Sempre più bambini svizzeri in sovrappeso
Mancanza di tempo, diffusione dell'elettronica e più facile accesso al cibo portano l'obesità infantile al 3,8%.
È quanto emerge da uno studio del Politecnico federale di Zurigo.
Le abitudini alimentari cambiano e i bambini, fedele specchio della società, riflettono nel bene e nel male questi mutamenti.
Sovrappeso diffuso
Ricerche condotte dal Laboratorio d’alimentazione umana del Politecnico di Zurigo a Rüschlikon mostrano che, nella fascia d’età fra i sei e i dodici anni, il 16,7% dei ragazzini svizzeri (pari a circa uno su sei) è in sovrappeso, percentuale che sale al 19,1% per le bambine (quasi una su cinque).
La maggiore predisposizione delle femmine viene spiegata, da alcuni dietologi e psicologi, col fatto che queste ultime in certi casi sono più portate a sfogare i disagi psichici mangiando.
Una situazione che si riscontra anche in altri paesi occidentali e che, con la crescita dell’adolescente, può portare a situazioni pericolose come l’anoressia o la bulimia, se la ragazza rifiuta di colpo il suo fisico e il modo di nutrirlo.
Obesità sotto la media, ma preoccupante
Molti bambini svizzeri non sono però solo sovrappeso, ma soffrono di vera e propria obesità, che interviene quando il peso corporeo supera di circa un terzo la media.
Lo si è notato nel 3,8 per cento dei casi, sul campione prescelto di 2600 ragazzini di tutte e tre regioni linguistiche.
A livello internazionale, la Svizzera resta comunque uno dei paesi con la percentuale più bassa, inferiore per esempio a quella di Inghilterra, Germania e paesi scandinavi, per non parlare degli Stati Uniti, dove il tasso di obesità infantile raggiunge il 16 per cento.
Un fenomeno da non sottovalutare
Non è il caso, tuttavia, di sottovalutare il fenomeno, tanto più che i dietisti – come Vanja Ender, dello Studio di terapia dietetica di Lugano – denunciano un continuo aumento delle consultazioni, in tutta la Svizzera.
Quali le cause? “Una mancanza cronica di tempo, che spinge molti genitori a scegliere cibi già pronti, o a chiedere ai figli cosa preferiscano mangiare piuttosto che impegnarsi a convincerli della necessità di un’alimentazione equilibrata. Naturalmente, i bambini puntano su prodotti ipercalorici e pieni di conservanti”.

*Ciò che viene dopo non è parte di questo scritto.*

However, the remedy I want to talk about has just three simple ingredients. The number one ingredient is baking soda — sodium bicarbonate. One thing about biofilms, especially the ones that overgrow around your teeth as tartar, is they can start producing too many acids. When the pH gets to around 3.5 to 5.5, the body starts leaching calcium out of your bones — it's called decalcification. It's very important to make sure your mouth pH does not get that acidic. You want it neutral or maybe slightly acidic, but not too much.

TV e computer fanno ingrassare
Uno studio relativo al canton Ticino (ma generalizzabile all’intera realtà elvetica) ha poi evidenziato una stretta correlazione tra la comparsa dell’obesità e il consumo di media elettronici che favoriscono la sedentarietà, quali televisione, computer o videogiochi.

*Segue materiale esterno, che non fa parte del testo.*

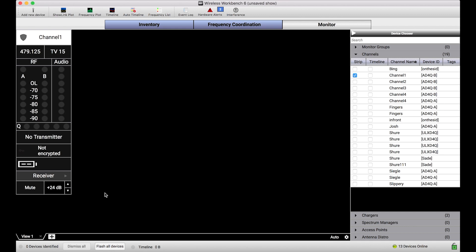So this is just to demonstrate that Monitor Only Mode is a great tool to prevent inadvertent changes from your own instance of Wireless Workbench. If you've got any questions or comments, or you want to see more features about preventing inadvertent changes, be sure to leave a comment down below. Thanks.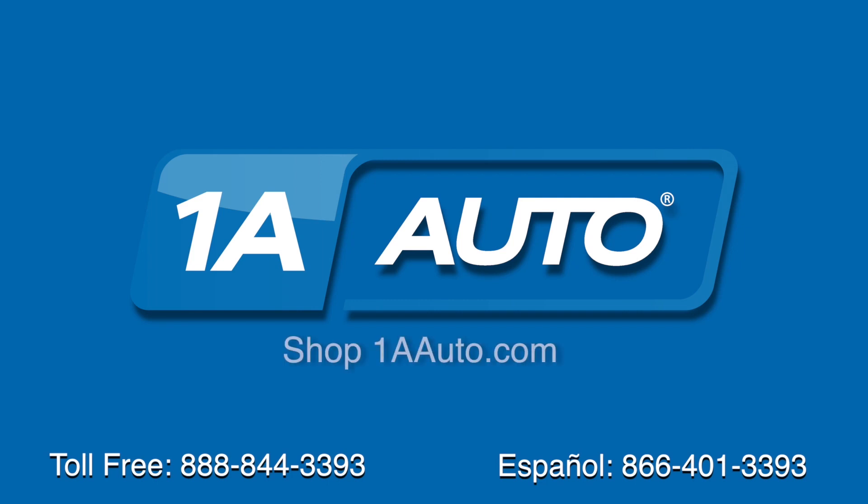Thanks for tuning in. We hope this video helped you out. Next time you need parts for your car, please visit 1AAuto.com. Also, check out our other helpful how-to as well as diagnosis videos.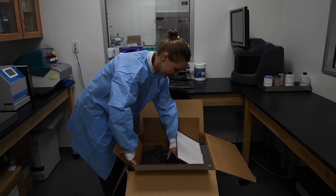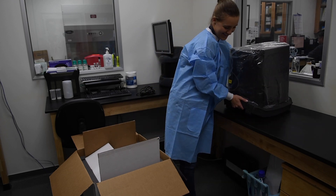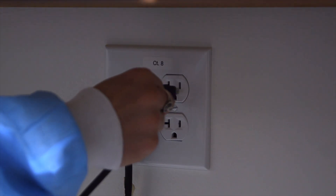Open the shipping box and remove the electrical cord. With one or two people, lift the machine onto a flat surface. The power cord connects at the back of the instrument. Plug in the instrument.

Infine, oggi i bambini hanno molta più facilità di accesso al cibo rispetto a qualche anno fa: un esempio classico è la merenda al chiosco dopo scuola, pagata con l’argent de poche settimanale.
Conseguenze per la salute
Ma tutto questo può portare a conseguenze allarmanti per la salute: oltre alle malattie cardiovascolari sempre in agguato – spiega la signora Endern – da qualche anno si è cominciato a diagnosticare nei bambini anche il temuto diabete di secondo tipo, finora prerogativa degli adulti.
Senza contare che una persona obesa va incontro a tutta una casistica di malattie psichiche, accompagnate spesso da disagio sociale.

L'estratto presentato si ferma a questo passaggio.